Currently, the medical field is investigating magnetosomes for applications such as medical imaging, drug delivery and cancer research.

“This is just one strain of bacteria that we are working with,” Calm said. “There are many. They come in different shapes and sizes and sequester different metals like gold and silver. Years down the line you may want a nanoparticle that’s a certain size or a certain shape and a certain metal.”

A GREEN SOLUTION

But for now the two researchers are content to work with the magnetosomes produced by M. gryphiswaldense, nanoparticles that have the added benefit of being greener to generate.

Unlike their synthetic counterparts, magnetosome nanoparticles are more environmentally friendly to produce, requiring much less energy for production and no hazardous chemicals for their fabrication.

“If you make nanoparticles synthetically, it’s a dirty business,” Calm said. “They are not environmentally friendly to produce, whereas biologically-derived magnetosomes are. They are found in the environment, and can just go back to the earth when we’re done with them.”

Betts and Kim have also authored a proposal to research the use of nanoparticles in reclaiming rare earth.

“They’ve used them to bio-remediate so maybe we could use them to reclaim rare earth elements from electronic waste,” Betts said. “We could take the rare earth and incorporate it into the nanoparticle, making them more magnetic, more powerful.”

Betts and Calm said the project serves two purposes. It not only serves the warfighter but also meets an Army directive of developing greener solutions.

VERSATILITY

In addition, because biologically-derived magnetosomes are produce in a pearl-like strand, they have unique characteristics over synthetic nanoparticles that generally produce individually, not in strands. Because magnetosomes also have membranes, researchers can genetically engineer them or chemically attach enzymes to make the natural nanoparticle do even more.

MOVING FORWARD

If their circuit output test proves successful, the two will next try to use the transformer to create paper-based circuitry. But before that can happen, they will need more funding.

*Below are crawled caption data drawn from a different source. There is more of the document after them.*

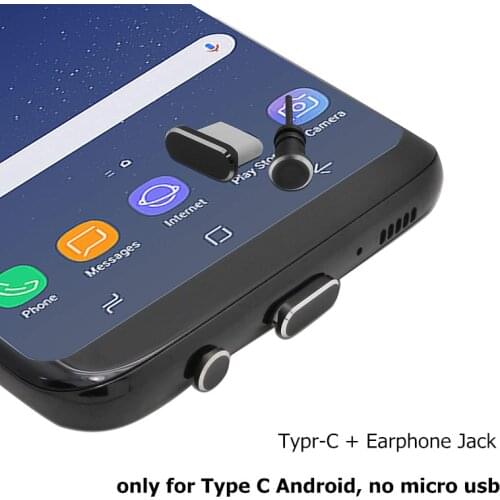Colorful Metal Type C Charging Port Anti-Dust 3.5mm Earphone Jack Dust Plug For Samsung S10 Phone Accessories free shipping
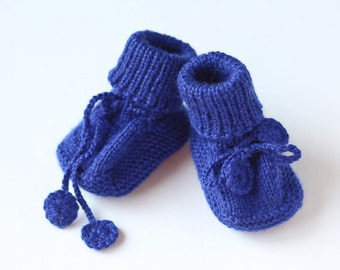 MADE TO ORDER/ Hand knitted baby booties/ merino wool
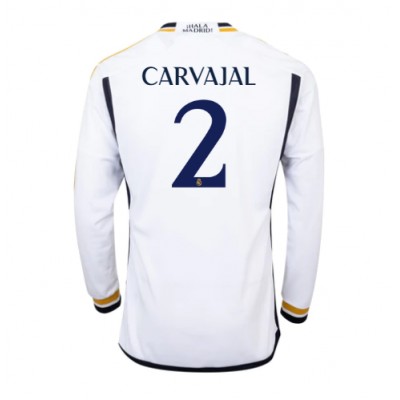 Herren Real Madrid 2023-24 Heimtrikot weiß Langarm Fußballtrikots Daniel Carvajal 2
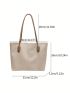 Double Handle Shoulder Tote Bag Zipper PU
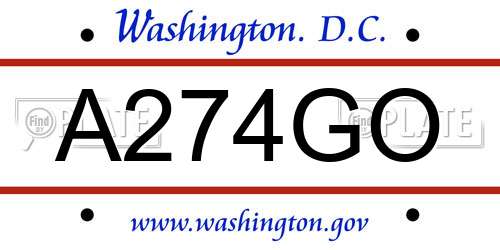 A274GO District Of Columbia License Plate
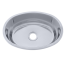 top of Ambassador Marine Oval Flat Bottom Sink - Mirror SS Without Studs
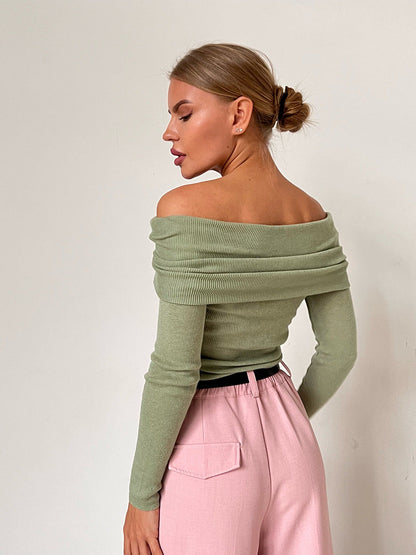 Off-Shoulder Knitted Top Slim Fit Solid Color Long Sleeve Pullover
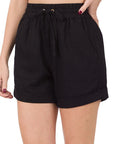 Zenana Linen Drawstring Waist Shorts with Pockets - Online Only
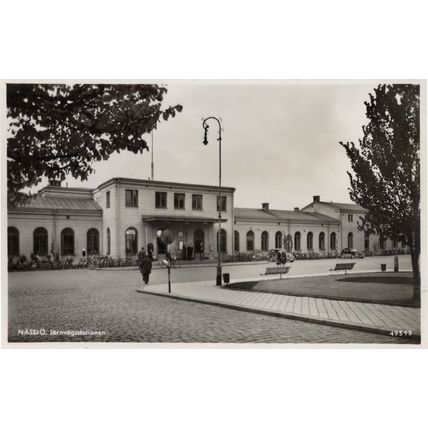 Nassjo Jarnvagssstationen Station Bicycles Holland RPC Postcard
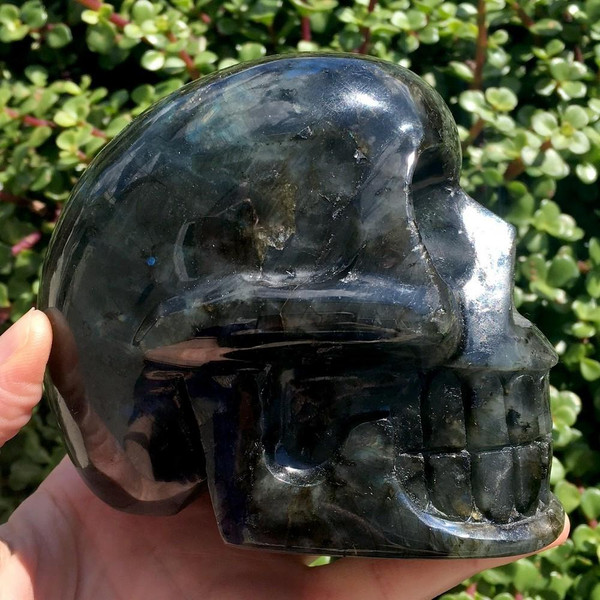 Labradorite Crystal Skull 4.6"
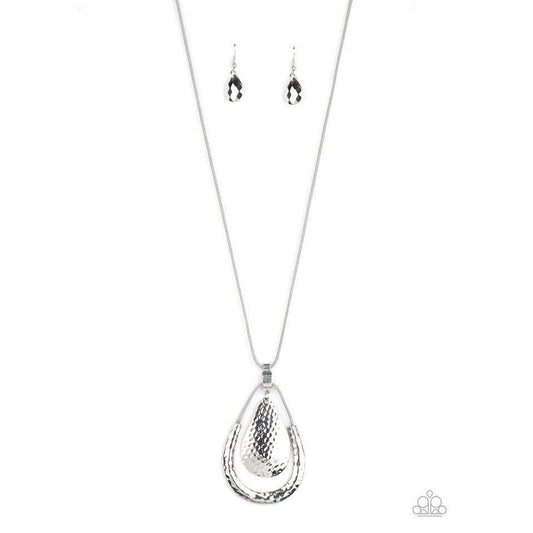 Paparazzi Necklace Texture Trekker - Silver Necklace 842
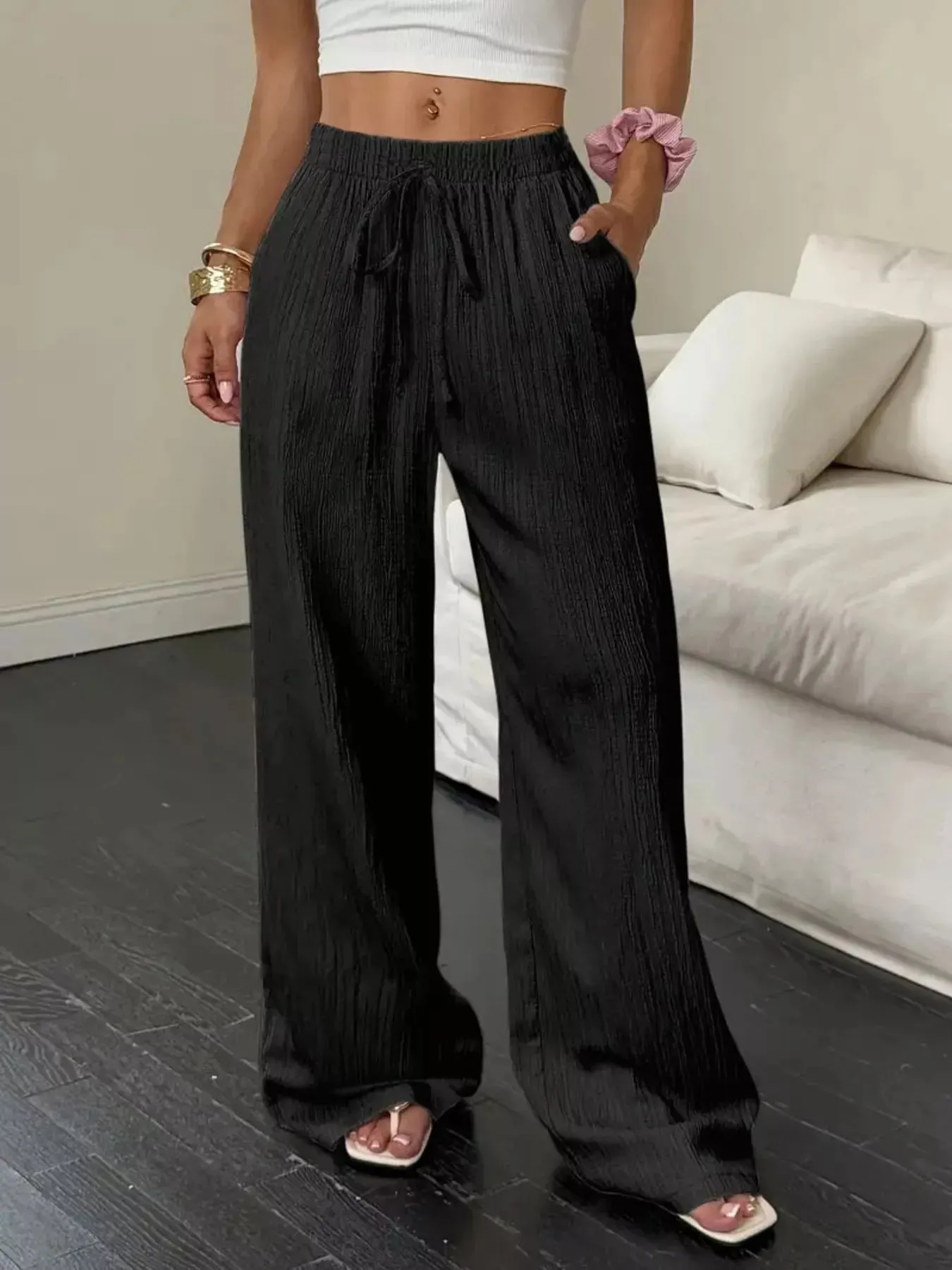 Wide Leg Pants with Drawstring sold by Charming Charlie product image thumbnail 4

Already, one major defense contractor has contacted the pair to discuss ways to grow the magnetosomes faster. Betts and Calm are eager to continue their research.

“It’ll be really interesting because it is a proof of concept project that will hopefully spark the interest of other scientists who see the work that we’re doing and will want to collaborate,” Calm said.

Given that the convergence of material science and biological engineering has seen significant interest and investment by the Department of Defense, Calm and Betts are hoping their efforts will help towards the development of never-before-seen materials that are able to meet the unique requirements and challenges of the defense environment of the future.


The U.S. Army Combat Capabilities Development Command Chemical Biological Center (CCDC Chemical Biological Center) is the Army’s principal research and development center for chemical and biological defense technology, engineering and field operations. The Center has achieved major technological advances for the warfighter and for our national defense, with a long and distinguished history of providing the armed forces with quality systems and outstanding customer service. The CCDC Chemical Biological Center is located at the Edgewood Area of Aberdeen Proving Ground, Maryland.